Con la pericolosa conseguenza che, nel caso di eventuale incapacità d’identificare detti soggetti, il proprietario necessariamente, salvo le esimenti del “giustificato motivo” (identificato ad esempio nella sottrazione illecita del mezzo oppure nella situazione di ignoranza imprevedibile di conoscere l’identità del conducente nonostante l’attivazione delle misure idonee atte a prevenire l’inosservanza di detto dovere di conoscenza- situazione molto difficile da sostenere ad esempio per un trasportatore rispetto ai suoi autisti), risponde a titolo di colpa per negligente osservanza del dovere di vigilare sull’affidamento dell’automezzo, per non essere stato in grado di adempiere al dovere di comunicare l’identità del conducente (Cass. Civ. n. 13748/2007 e Cassazione civile sez. II, 17/06/2010, n. 14649).

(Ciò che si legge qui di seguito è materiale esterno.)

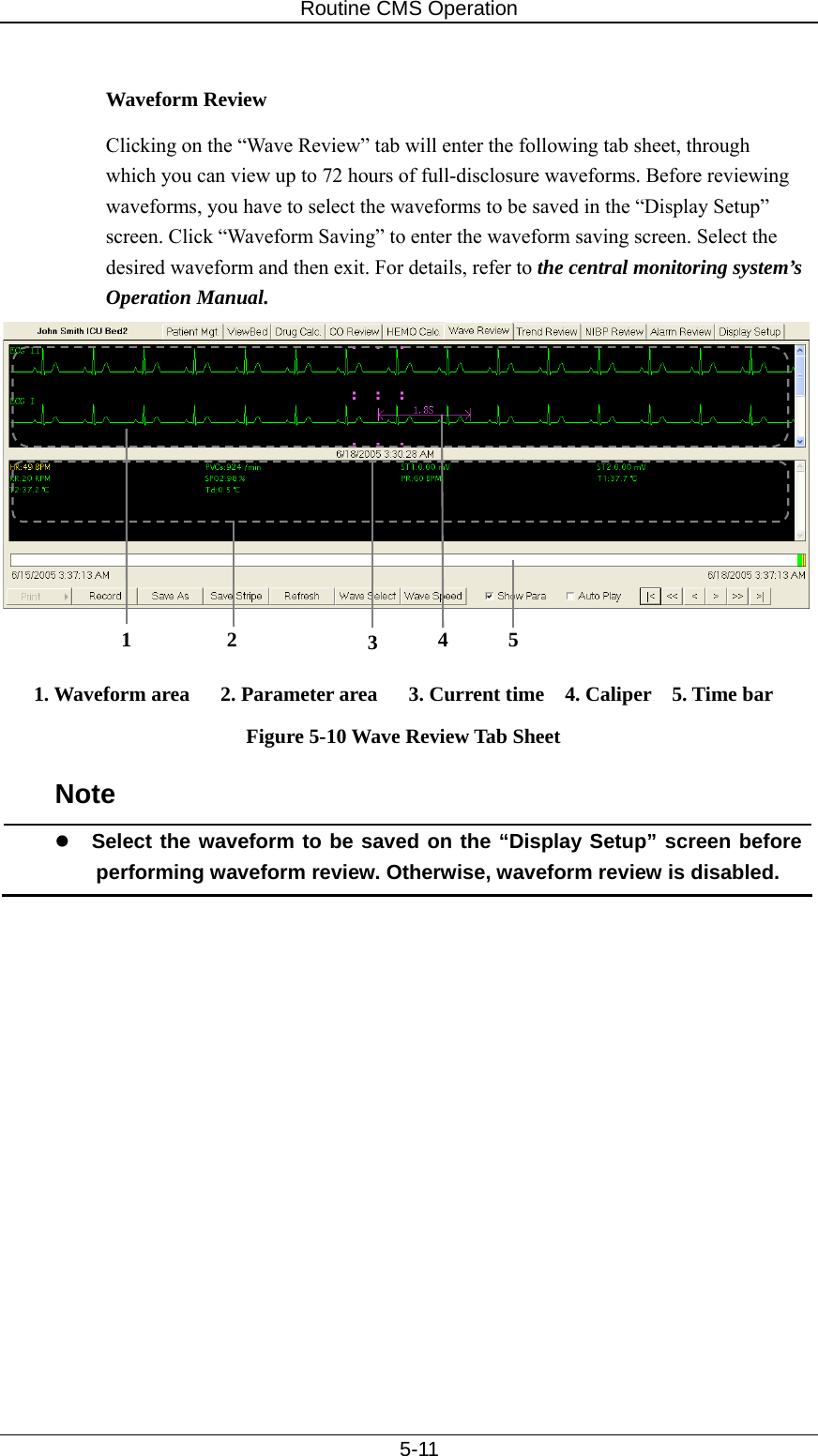 Routine CMS Operation   5-11  Waveform Review Clicking on the “Wave Review” tab will enter the following tab sheet, through which you can view up to 72 hours of full-disclosure waveforms. Before reviewing waveforms, you have to select the waveforms to be saved in the “Display Setup” screen. Click “Waveform Saving” to enter the waveform saving screen. Select the desired waveform and then exit. For details, refer to the central monitoring system’s Operation Manual.    1. Waveform area   2. Parameter area   3. Current time  4. Caliper  5. Time bar Figure 5-10 Wave Review Tab Sheet Note z Select the waveform to be saved on the “Display Setup” screen before performing waveform review. Otherwise, waveform review is disabled.  1 2  5 3  4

Invitiamo, pertanto, a porre attenzione nell’affidamento del proprio automezzo e soprattutto a non sottovalutare l’obbligo di comunicazione dei dati del conducente ex art. 126 bic CdS, nel momento in cui venga notificato un verbale di accertamento di sanzione amministrativa contenente la sanzione accessoria della decurtazione di punti dalla patente.